Nobreza

A névoa densa mal concedia divisar o contorno dos edifícios e casas destruídos pelos constantes ataques dos meses anteriores.

A bruma como que paralisava o ar daquela manhã e era quase impossível respirar naquela temperatura de 17 graus negativos, poderia ser pior, pensou, já que lá na distante planície dos Urais a temperatura certamente tinha ido abaixo dos 35.

Mal se mexia naquela vestimenta grossa e o fuzil colocado em posição, repousava em seus braços como um dócil animal que estivesse dormindo.

Era possível ouvir aquele rangido lúgubre das banquisas se chocando no Volga.

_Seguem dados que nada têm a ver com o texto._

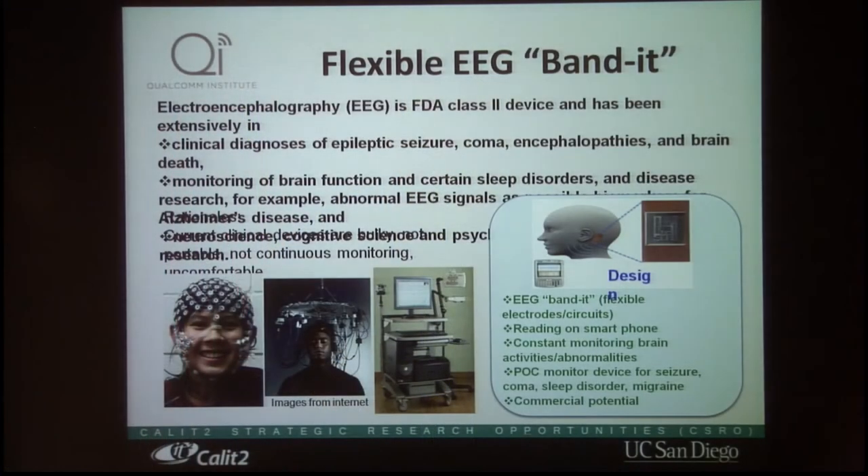The conventional EEG device is bulky and uncomfortable. Although it has the advantage of very low cost and very good temporal resolution, it has poor spatial resolution and is uncomfortable to wear.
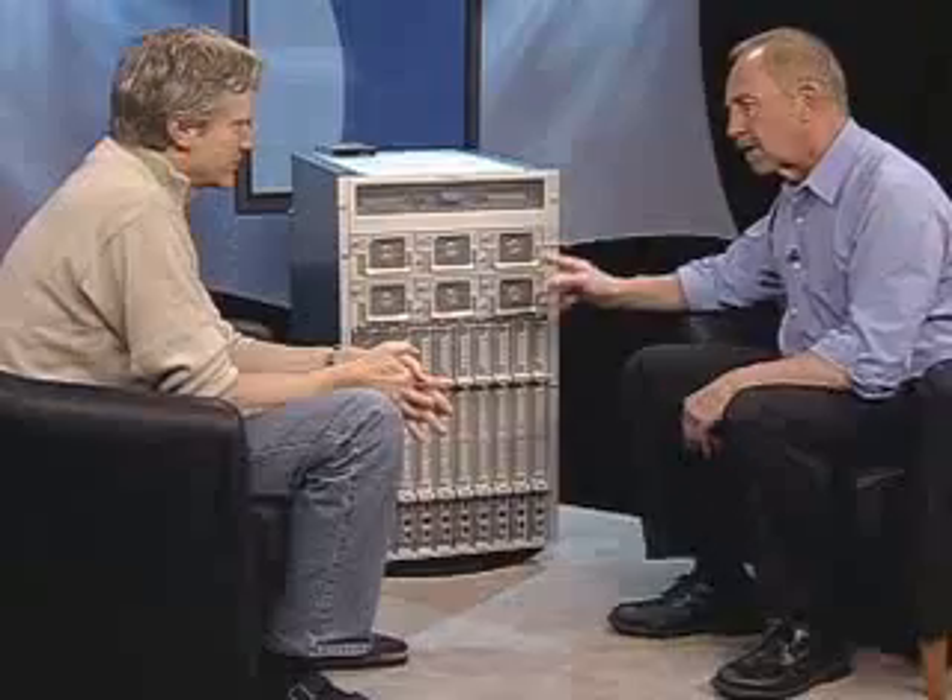So the SunBlade 8000 moves us, in a sense, in the blade world into the territory that has been dominated by rack-mounted machines. It is what people think of as the Tier 2 of the data center. For Tier 1 this is a little too big, but Tier 2 — which is application servers and database servers — this is a very good match for that space.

Onde estaria o major, pensou?

Naquele momento poderia até estar dormindo bem aquecido numa cama no QG montado no prédio da antiga fábrica de tratores, ou mesmo poderia estar ali perto, atrás dele já com a alça de mira assestada em sua nuca.

Um longo arrepio percorreu sua espinha, o mesmo que sentia quando era apenas um garoto quando na companhia de seu avô espreitavam escondidos na neve densa, o lobo siberiano preparar o ataque sobre o indefeso carneiro amarrado a uma árvore.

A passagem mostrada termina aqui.